What to Do About Image Upload Size Limits?

Published in 2025

The other day I was trying to upload a scanned business license to our company system. Got stuck for half the afternoon. The upload window kept saying "File size exceeds limit" and the original image was about 6MB. I tried uploading a few times, still no luck. Got pretty frustrated at that point and just thought, what now? Later I realized this is actually a pretty common issue—most platforms have some kind of size restriction.

Why does this keep happening?

Turns out almost every system has upload limits built in. Email usually caps out around 20-25MB, cloud storage might be higher, but work systems and official platforms are usually pretty strict—often just 2-5MB. I get it from the server side, big files do eat bandwidth. But from the user's end, sometimes you can't help it—especially if you're taking photos with a phone.

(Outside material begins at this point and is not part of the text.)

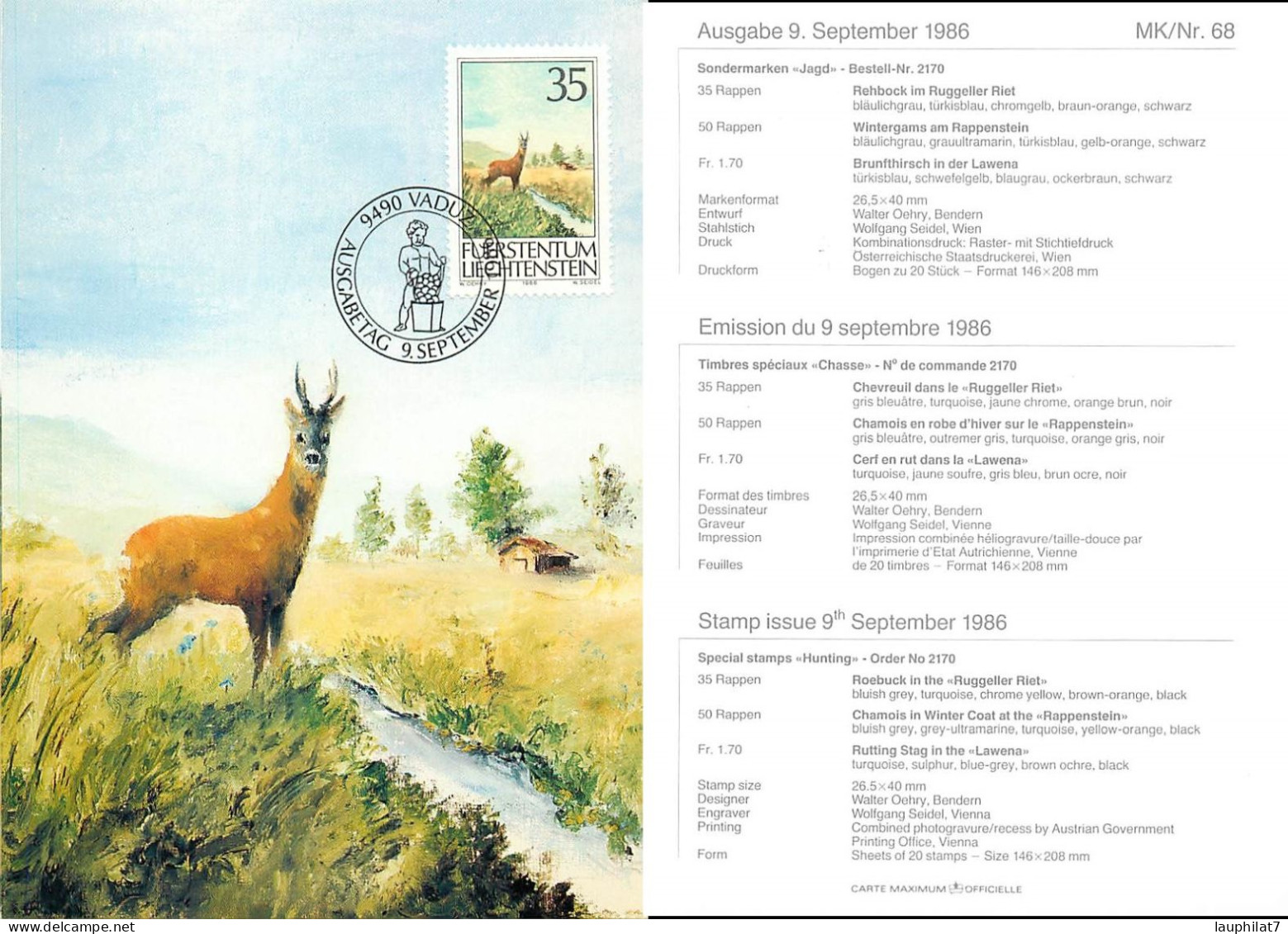 [502964]TB//**/Mnh-Liechtenstein 1986 - Vaduz, Chasse, Animaux, Peintures & Tableaux, Arts - Covers & Documents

The straightforward solution is compression

To be honest, dealing with this comes down to one thing: compress the image. My approach now is to process the image before I upload it, instead of repeatedly hitting the upload button and hoping for the best.

There are really just two ways to compress an image. Either you reduce the dimensions, or you lower the quality. You can do one or the other, or both together. I usually just adjust the dimensions by themselves, unless I really need to preserve a lot of detail.

Like with that business license photo I mentioned—it was taken on my phone, so the resolution was really high. I just resized it down to around 1920 pixels wide using an online tool, and boom, it went from 6MB down to 1.5MB. Easy enough to upload after that. And honestly, after resizing it looked exactly the same to the naked eye.

Finding the right tool

There are plenty of compression tools out there. Photoshop is the most professional, but my computer can't handle it. Online tools like TinyPNG are super simple—just drag and drop and it automatically compresses—but the problem is you don't have control over the result. Sometimes it compresses too much, sometimes it's still too big, and you end up bouncing back and forth.

What I wanted was something simpler: just tell the tool "I need 2MB" and it automatically figures out the settings. That way I don't have to upload, check, delete, and redo it five times over.

Then I found ExactKB and it actually works pretty well. You set a target file size and it automatically adjusts the parameters for you. Upload an image, type in the size you need, click, and done. It also gives you a few options—you can choose to only adjust dimensions, only adjust quality, or both. I usually do both, since the compression effect is best that way.

There's also a useful little feature where you can set a minimum dimension limit. That way your image doesn't end up looking like a postage stamp. I usually set the width to stay above 1200 pixels so the image stays readable.

Back to reality

At the end of the day, handling image upload size limits is just about finding a way to make your file smaller. Sounds simple enough, but in practice you might need to try a few tools before you find one that fits your workflow. Some people are fine with TinyPNG's fully automatic approach, and some people like me want a bit more control. There's no single "best" solution—it depends on what you actually need.

I've been using this approach for dealing with image uploads and it's saved me a lot of time. Used to have to upload the same image five or six times until it finally stuck, but now I just handle it on my computer first and it goes through on the first try. If you're also running into this problem regularly, might be worth trying out this method.